Shockwaves rippled outwards from the site, triggering earthquakes and volcanic eruptions across the world. In the oceans, the explosion unleashed megatsunamis measuring thousands of meters high. Massive amounts of debris from the impactor and the Earth were kicked up into the atmosphere and beyond. Some of the larger ejected chunks came speeding back down, igniting in the atmosphere and setting off global firestorms. Meanwhile, the sky darkened as a cloud of dust covered the Earth, blocking sunlight and preventing photosynthesis for years.
After millions of years of erosion and sedimentation, however, evidence of the cataclysmic event is hard to come across today. Even for a spectator standing high above the crater’s center, the impact’s effects are not apparent. Perhaps the most telling features of the surrounding landscape are the cenotes. These water-filled sinkholes, once used by the Mayans in sacrificial ceremonies, dot the crater’s edge where the rock was weakened.

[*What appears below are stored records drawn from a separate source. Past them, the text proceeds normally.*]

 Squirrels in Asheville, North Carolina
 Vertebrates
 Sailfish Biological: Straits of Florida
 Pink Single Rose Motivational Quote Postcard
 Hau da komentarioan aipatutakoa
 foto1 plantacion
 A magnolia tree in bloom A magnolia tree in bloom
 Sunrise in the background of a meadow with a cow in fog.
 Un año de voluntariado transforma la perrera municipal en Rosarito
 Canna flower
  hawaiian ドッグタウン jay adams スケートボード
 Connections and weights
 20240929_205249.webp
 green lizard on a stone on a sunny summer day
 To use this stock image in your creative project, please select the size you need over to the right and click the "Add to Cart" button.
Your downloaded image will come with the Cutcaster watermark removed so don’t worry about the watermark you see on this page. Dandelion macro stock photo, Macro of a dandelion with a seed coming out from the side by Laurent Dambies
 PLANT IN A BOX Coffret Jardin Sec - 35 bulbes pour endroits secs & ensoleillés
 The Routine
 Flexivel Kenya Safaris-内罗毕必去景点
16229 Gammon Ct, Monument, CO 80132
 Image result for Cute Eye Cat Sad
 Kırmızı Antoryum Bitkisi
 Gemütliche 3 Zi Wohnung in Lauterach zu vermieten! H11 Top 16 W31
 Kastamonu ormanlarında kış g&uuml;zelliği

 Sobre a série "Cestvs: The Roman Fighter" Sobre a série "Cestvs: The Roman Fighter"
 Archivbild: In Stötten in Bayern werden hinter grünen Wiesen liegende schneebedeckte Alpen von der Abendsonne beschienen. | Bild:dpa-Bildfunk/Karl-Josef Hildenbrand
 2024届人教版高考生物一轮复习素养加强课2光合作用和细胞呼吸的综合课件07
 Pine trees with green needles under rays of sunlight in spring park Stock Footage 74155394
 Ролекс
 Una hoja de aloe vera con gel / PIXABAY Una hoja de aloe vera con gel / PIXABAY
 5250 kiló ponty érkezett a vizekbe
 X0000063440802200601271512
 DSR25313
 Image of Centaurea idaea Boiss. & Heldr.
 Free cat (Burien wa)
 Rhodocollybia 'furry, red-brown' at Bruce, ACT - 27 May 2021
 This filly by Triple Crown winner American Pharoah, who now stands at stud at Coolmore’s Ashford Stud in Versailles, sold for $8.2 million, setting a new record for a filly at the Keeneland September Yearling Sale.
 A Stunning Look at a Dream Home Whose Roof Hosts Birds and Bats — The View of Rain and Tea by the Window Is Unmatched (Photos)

In fact, it was not until 1978 that the Chicxulub Crater was finally unearthed. The discovery is generally attributed to Glen Penfield, a geophysicist who noticed the region’s unusual features while working for the Mexican oil company Pemex. While examining a magnetic survey map of the Gulf of Mexico, Penfield observed a semicircular arc suggesting the presence of an impact crater. Unbeknownst to him, a former Pemex employee had noted a similar anomaly in a gravity map of the Yucatán. However, the petroleum company prohibited this worker from publishing his findings and the map’s significance went unrealized for years before Penfield used it to confirm his suspicions.
Just a few years later, researchers like the father-and-son geology team of Luis and Walter Alvarez and the graduate student Alan Hildebrand published controversial articles that suggested a large impact from an asteroid caused the mass extinction at the end of the Cretaceous period. As evidence, scientists relied on a 65-million year old layer of iridium-enriched clay named the K-T boundary. They argued that only a collision with a large extraterrestrial body could account for the levels of iridium (a rare element of relative abundance in meteorites) present in the rock, and the worldwide distribution of the boundary layer.
It was also predicted and later confirmed that the extreme pressures and temperatures associated with the violent explosion would have ejected and widely distributed “shocked quartz” (a deformed type of the familiar crystalline solid) and tektites (spherules of natural glass rock).
While science inched closer to a reasonable explanation for the demise of the dinosaurs, another decade passed before Chicxulub was realized as the remains of the catastrophic event. This occurred in 1990, when a newspaper reporter informed Hildebrand of Penfield’s work and the two scientists began working together on Pemex drill samples from the site. Soon enough, the crater’s age and properties were confirmed to correlate with predictions.
Today, Chicxulub remains a hot topic of study. Some researchers use computer models to recreate the formation scenario and explain the crater’s structural changes, while others are concerned with tracing the impacting body back to its initial home in the main asteroid belt.
Perhaps the most controversial work, though, involves pinpointing the exact events that led to the dinosaur’s extinction. There is considerable disagreement in the scientific community regarding whether the impact was isolated or part of a relatively short epoch of collisions in which the proceeding periods of global cooling and warming finally finished off the ill-fated beasts.
Whatever the case may be, impacts the size of Chicxulub occur on Earth about once every 100 million years, making the crater in Mexico a humbling and perhaps unsettling reminder of life’s fragility.